GENEVA — Halfway through 2013, the world already needs to spend more than twice what it did last year, if it wants to help all the 73 million people who are suffering in Syria and other major crises around the world, the U.N. top humanitarian official said Wednesday.
As much as $12.94 billion is needed, more than has ever been requested in any year before, and that figure represents only the needs that are known at the midpoint of this year, so it will continue to go up, according to Valerie Amos, the U.N. undersecretary general for humanitarian affairs and emergency relief.

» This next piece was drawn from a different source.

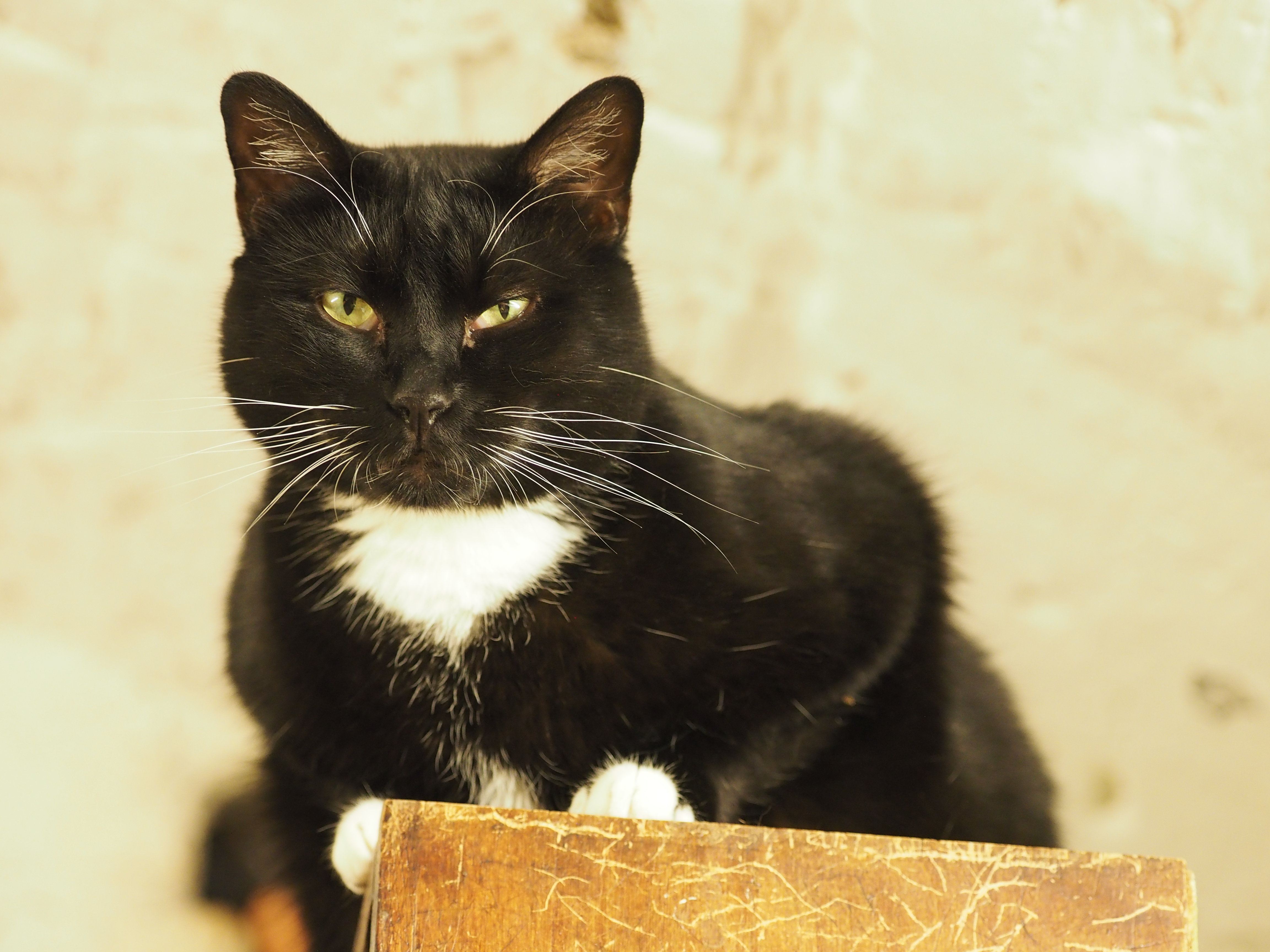 俄羅斯聖彼得堡冬宮博物館也有提供貓咪認養，飼主可憑證終身免費參觀冬宮。（翻攝冬宮貓網站）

That compares with the $9.71 billion that the U.N. sought for all of last year of which donors provided just 63 percent, or $6.1 billion.

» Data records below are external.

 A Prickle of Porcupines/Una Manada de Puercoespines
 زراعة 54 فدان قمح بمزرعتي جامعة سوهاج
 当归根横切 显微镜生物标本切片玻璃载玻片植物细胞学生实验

So far donors have provided $5.1 billion, or about 40 percent of the "unprecedented" needs this year, Amos said.
But that is roughly the same amount that the United Nations said was needed for all of 2007 — and donors only provided 72 percent of the $5.14 billion request five years ago.

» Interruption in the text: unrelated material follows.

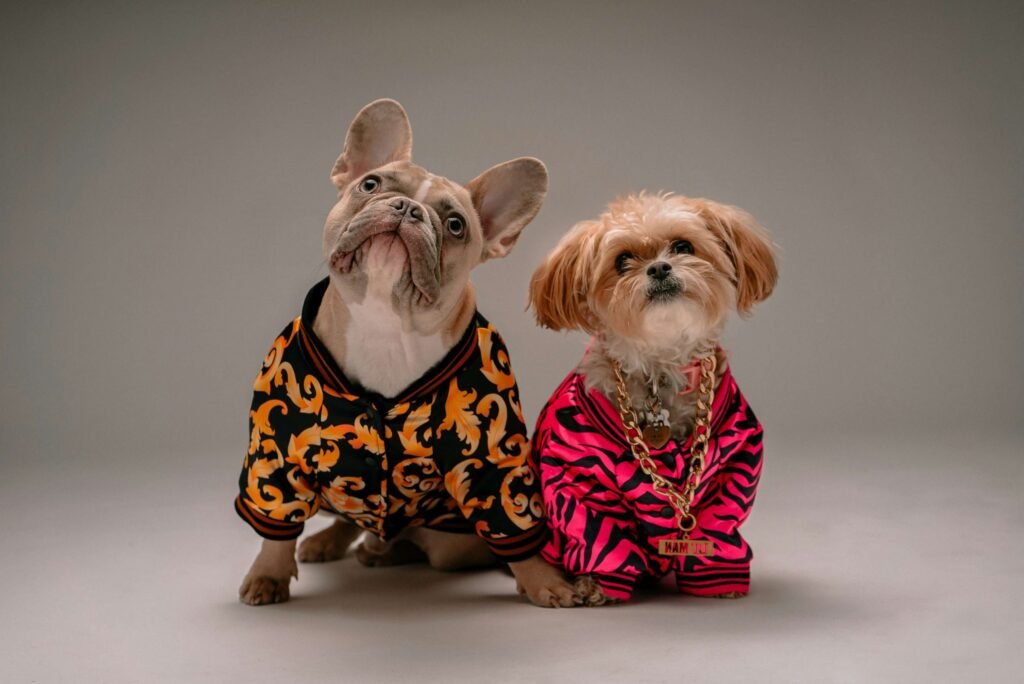 Top 5 Essential Dog Clothes for Ultimate Comfort & Style!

"In a normal year, that would be a huge statement to the commitment to humanitarian action," Amos told reporters in Geneva of the $5.1 billion raised so far that has gone to people in 24 countries, including Syria, Niger, Sudan and Afghanistan. "But this is an extraordinary year."
The Syrian civil war that's spilling into the region is taking up as much as a third of the needs this year.
Amos, a baroness and British lawmaker who heads the U.N. Office for the Coordination of Humanitarian Affairs, said Syria requires at least $4.4 billion in aid for the 6.8 million people who are suffering inside the war-torn country and the 5.3 million refugees or others who are affected by the conflict in border nations.